Norman: I’m Dutch, but my best guess for an English translation for your BX’s name would be Shitbox. Am I anywhere near?
Personally, I think naming cars is a bit silly. Well, I can imagine it for a very old car that has been with you for ages, but for relatively new cars? Come on, no matter how much I love cars and driving, they are still nothin gmore than means of transportation.
Some of the names here were rather funny though. Maybe I’ll reconsider
A friend of mine has a Peugeot 205. It is named “Jean-Luc”. Yup, a Trekkie.
We had a station wagon for 8 years, an Olds, we called it our Herbie car, after the movie. My son misses it.We now have two saturns, so they are just big car and small car.
“Skod” in itself means cigarette butt, but is also added as a prefix to anything that falls way below expectations. “Öse” is specifically slang for a rotten car. And that about sums up my experiences with that particular vehicle - a substandard rotten car.
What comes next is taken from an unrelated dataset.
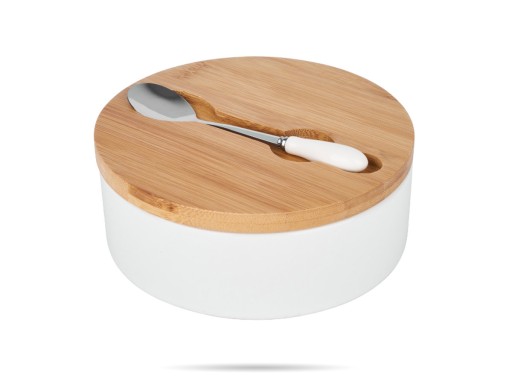 Cukiernica ceramiczna biała z łyżeczką TADAR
And even for a Danish word, “skodöse” is a truly ugly sound.
'64 Dodge pickup (with the slant six engine like my brother Tommy’s Dodge Dart) - lambcharger
'78 VW Rabbit - Conejito (Spanish for little rabbit) but a friend suggested Alice since it was white.
'82 Suzuki Katana 550 - road rash
'66 VW bug - Midnite Cruiser (from the Steely Dan song)
'78 Scirocco and '85 Buick Regal - *&^%ing piece of %^*
'90 BMW 325i - Osito (little bear as in The Three Bears as in this one’s just right)
current Dodge truck - haven’t decided, open to suggestion. “Gas sucking pig” doesn’t have much of a ring to it.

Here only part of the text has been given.